╭─ Data

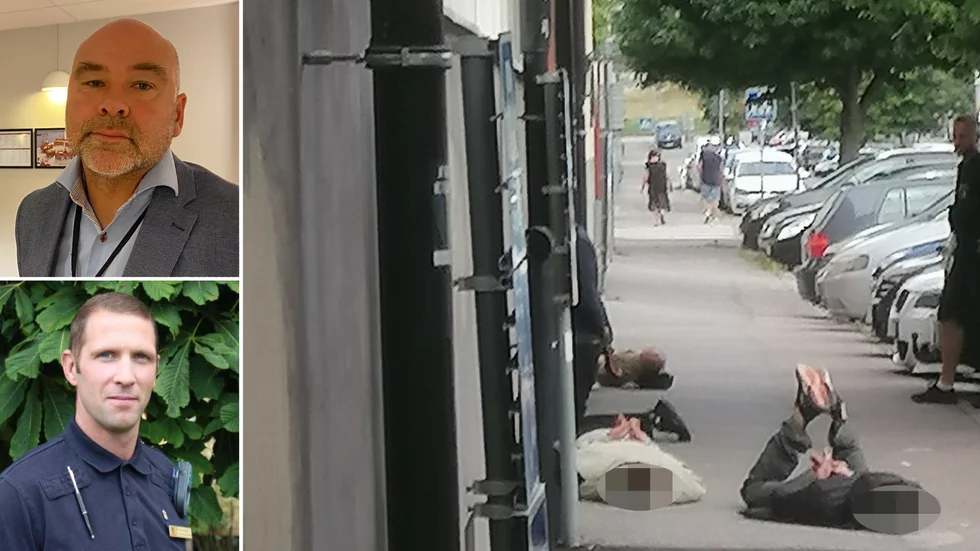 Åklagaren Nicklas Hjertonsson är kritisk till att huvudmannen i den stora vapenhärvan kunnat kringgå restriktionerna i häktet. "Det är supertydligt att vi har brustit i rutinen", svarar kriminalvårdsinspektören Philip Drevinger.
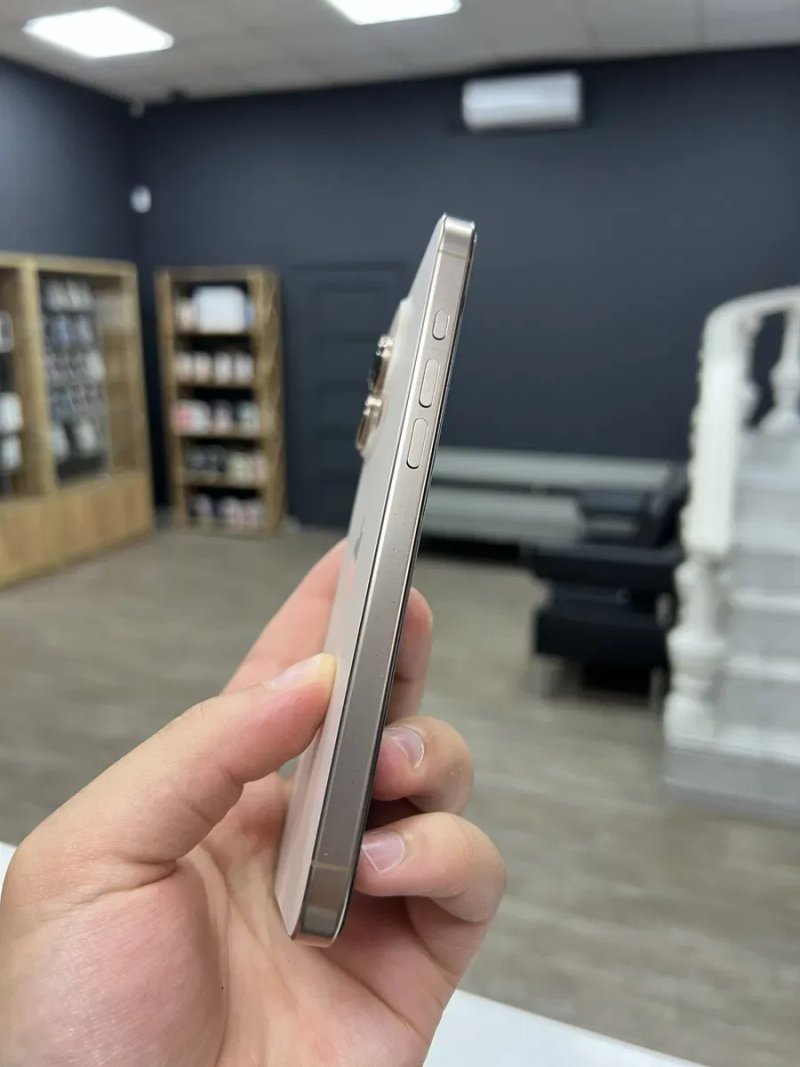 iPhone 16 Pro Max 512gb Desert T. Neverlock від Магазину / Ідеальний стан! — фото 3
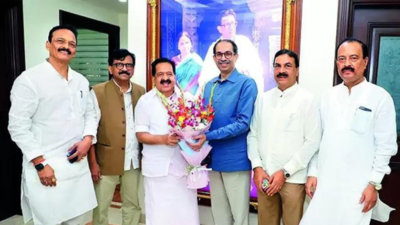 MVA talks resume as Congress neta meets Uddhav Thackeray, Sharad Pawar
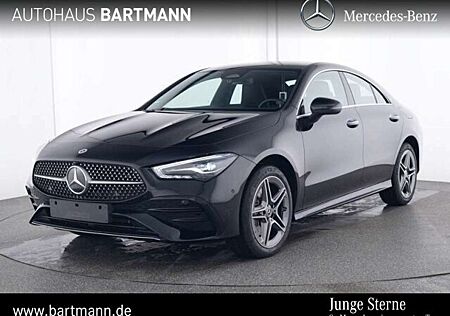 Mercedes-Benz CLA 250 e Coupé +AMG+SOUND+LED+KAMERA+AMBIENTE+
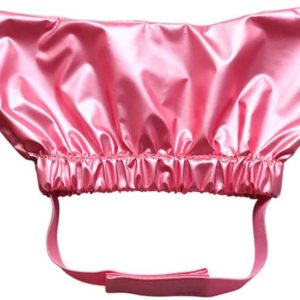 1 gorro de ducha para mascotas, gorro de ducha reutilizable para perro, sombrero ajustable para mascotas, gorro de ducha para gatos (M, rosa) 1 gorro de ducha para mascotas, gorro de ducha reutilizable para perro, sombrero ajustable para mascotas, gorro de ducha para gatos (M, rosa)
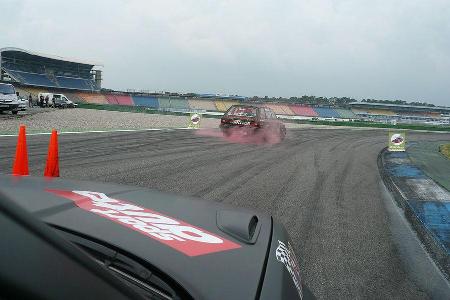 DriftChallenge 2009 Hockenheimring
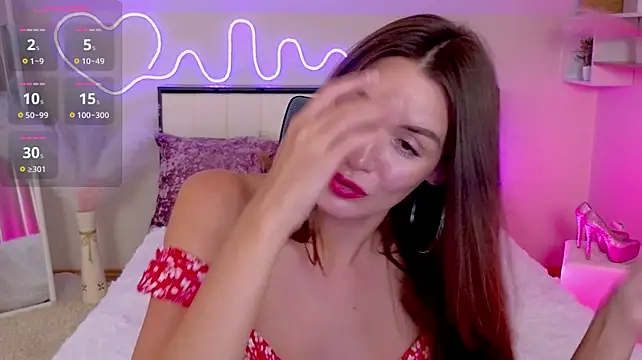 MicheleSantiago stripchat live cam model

╰─

**Task details:** Beginning with the line that includes "Mercedes-Benz CLA 250" and ending with the last line of the material, reproduce those lines exactly and nothing else, with no pictures.

**Exercise output:**
 Mercedes-Benz CLA 250 e Coupé +AMG+SOUND+LED+KAMERA+AMBIENTE+
 1 gorro de ducha para mascotas, gorro de ducha reutilizable para perro, sombrero ajustable para mascotas, gorro de ducha para gatos (M, rosa) 1 gorro de ducha para mascotas, gorro de ducha reutilizable para perro, sombrero ajustable para mascotas, gorro de ducha para gatos (M, rosa)
 DriftChallenge 2009 Hockenheimring
 MicheleSantiago stripchat live cam model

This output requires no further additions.